EXCERPTED DATA below:
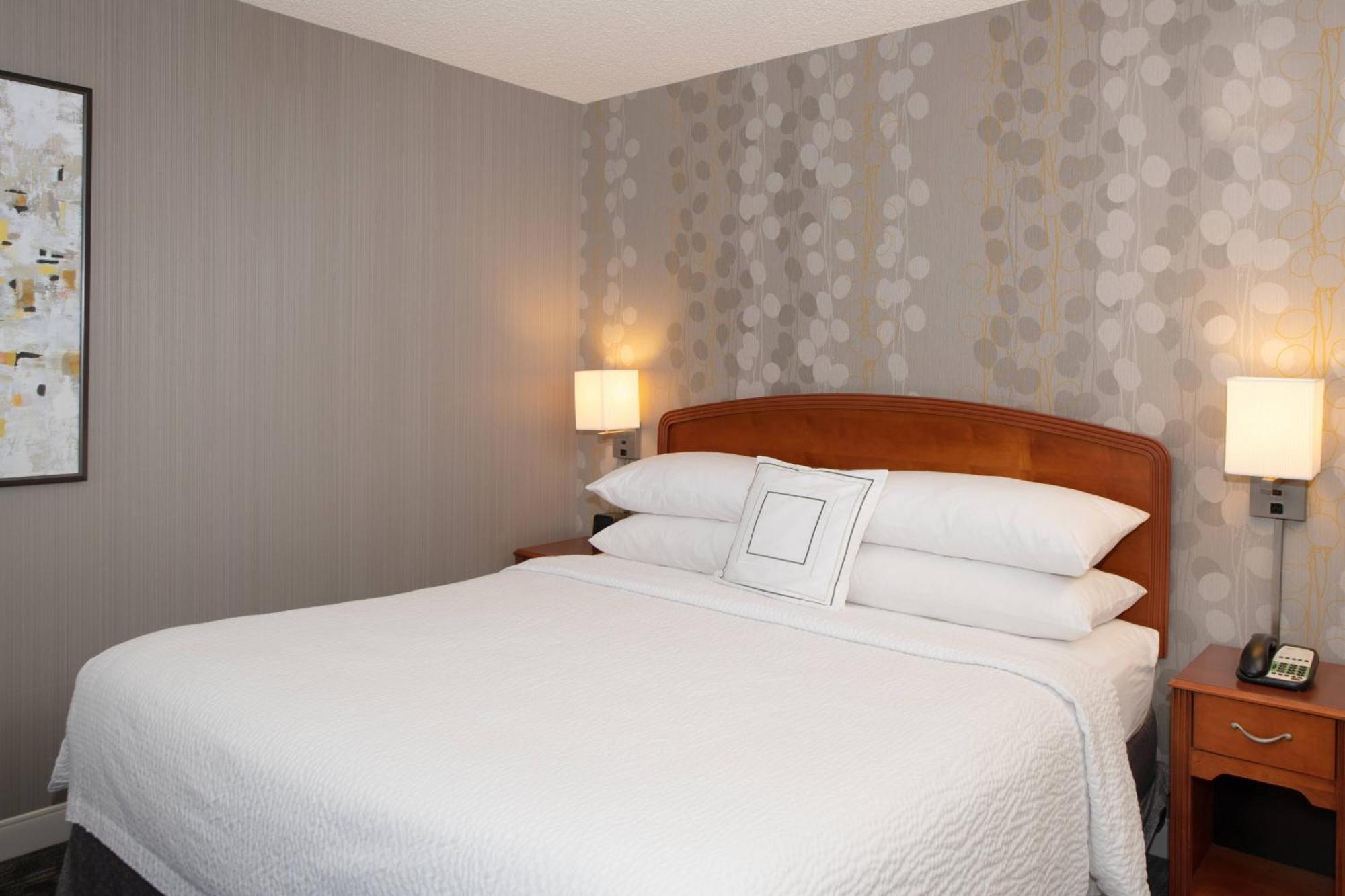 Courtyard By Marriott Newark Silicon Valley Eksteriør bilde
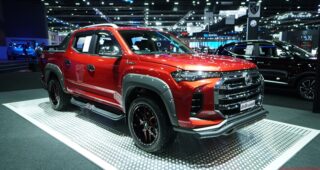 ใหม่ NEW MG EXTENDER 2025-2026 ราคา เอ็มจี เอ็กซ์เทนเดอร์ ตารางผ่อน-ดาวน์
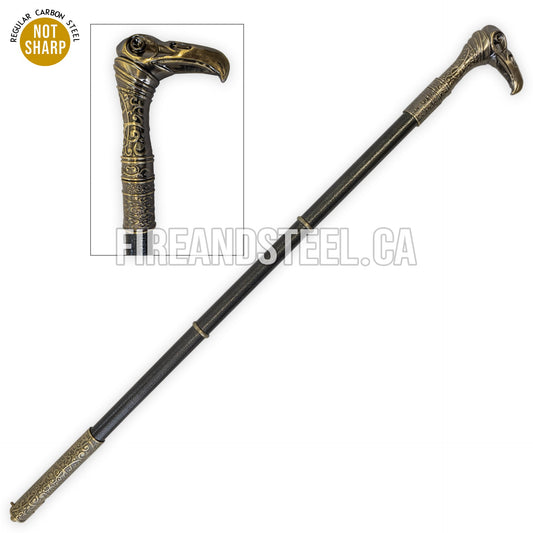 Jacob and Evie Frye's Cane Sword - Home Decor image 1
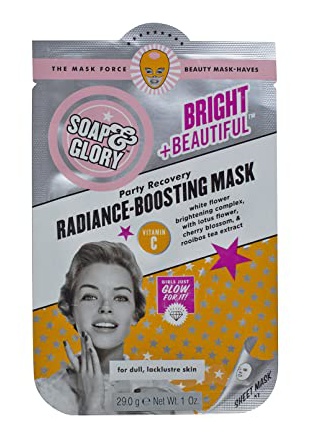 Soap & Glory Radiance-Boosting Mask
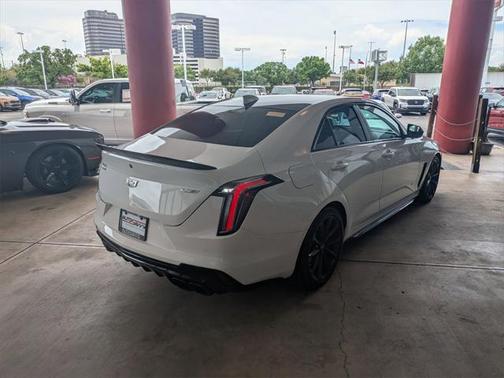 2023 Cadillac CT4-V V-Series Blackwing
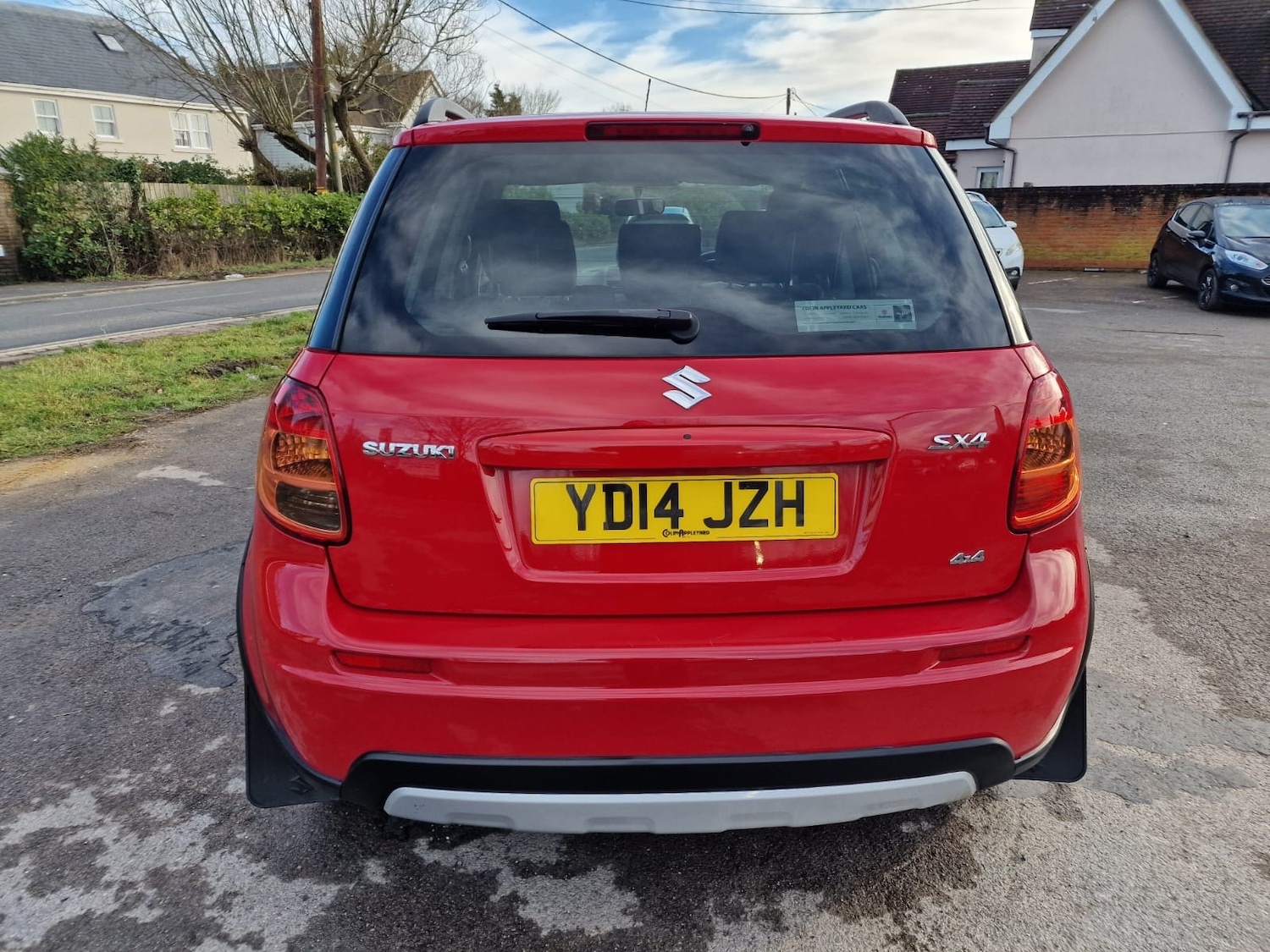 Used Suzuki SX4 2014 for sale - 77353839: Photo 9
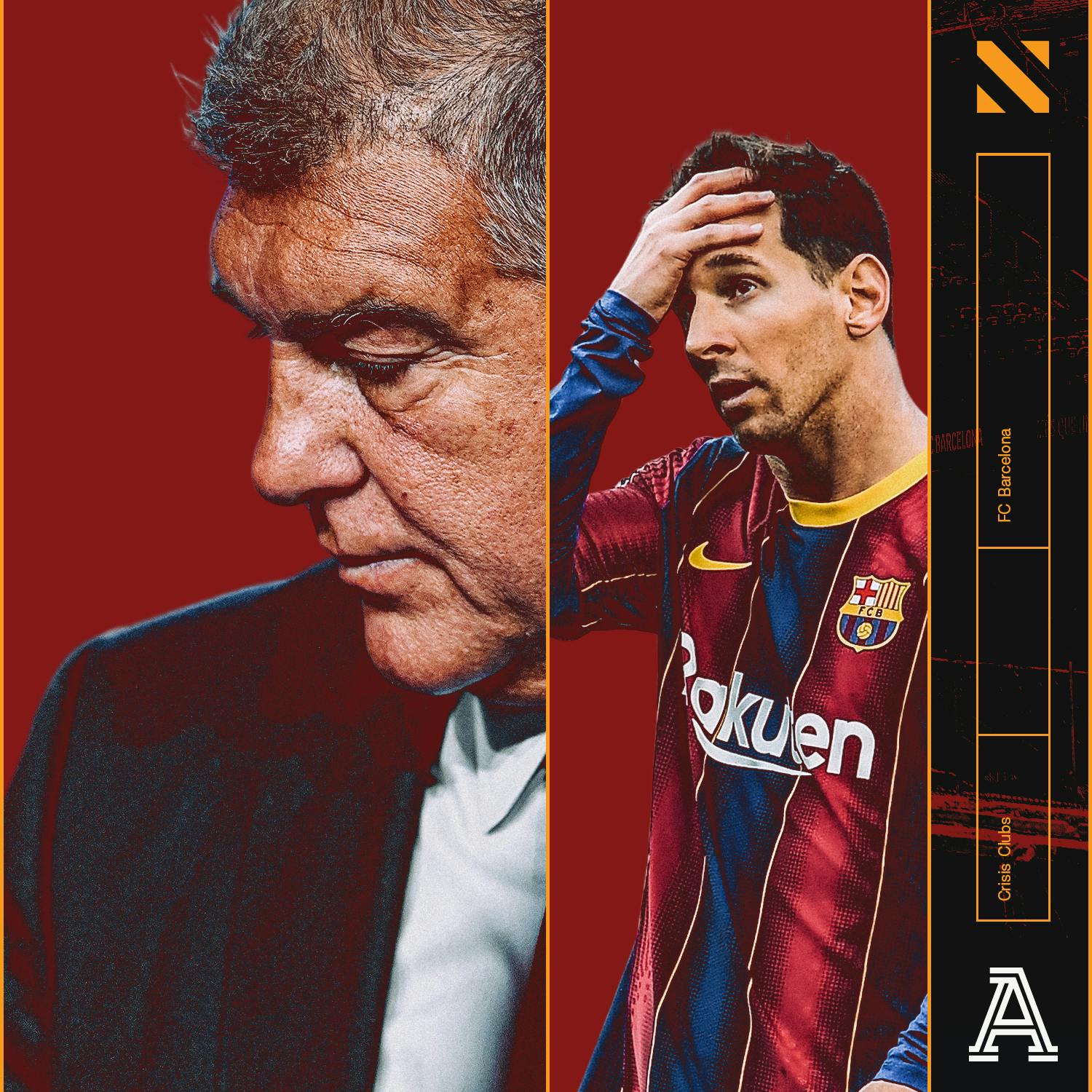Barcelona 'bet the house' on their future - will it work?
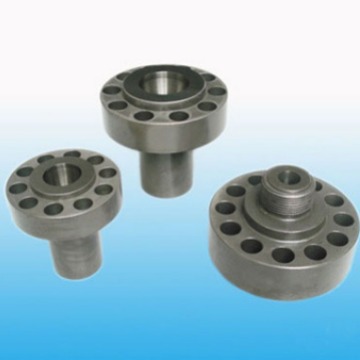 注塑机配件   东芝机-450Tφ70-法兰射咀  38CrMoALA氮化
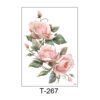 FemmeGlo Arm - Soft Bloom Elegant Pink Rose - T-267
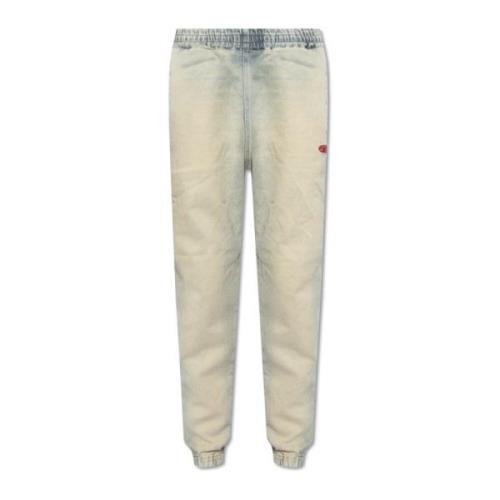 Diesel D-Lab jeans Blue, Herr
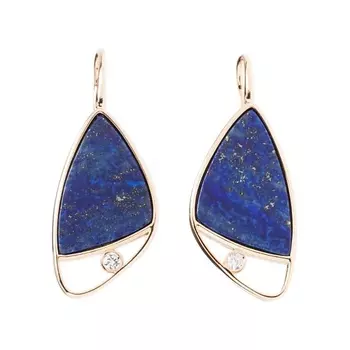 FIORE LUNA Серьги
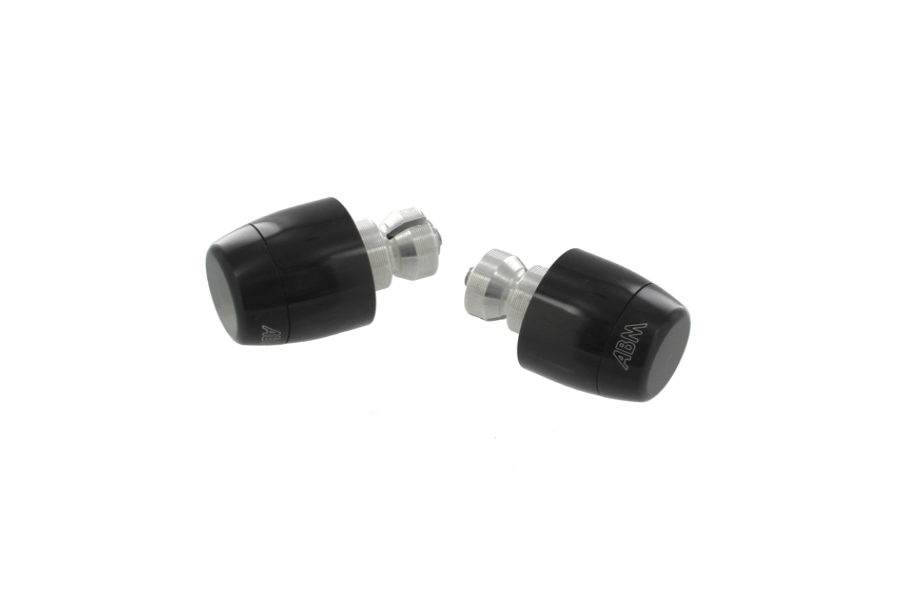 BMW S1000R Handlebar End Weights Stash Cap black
End of EXCERPTED DATA.
TASK TO CARRY OUT: Every line from the one with "FIORE LUNA Серьги" through the last line of the data must be copied exactly. Leave the pictures out.

TASK OUTPUT:
 FIORE LUNA Серьги
 BMW S1000R Handlebar End Weights Stash Cap black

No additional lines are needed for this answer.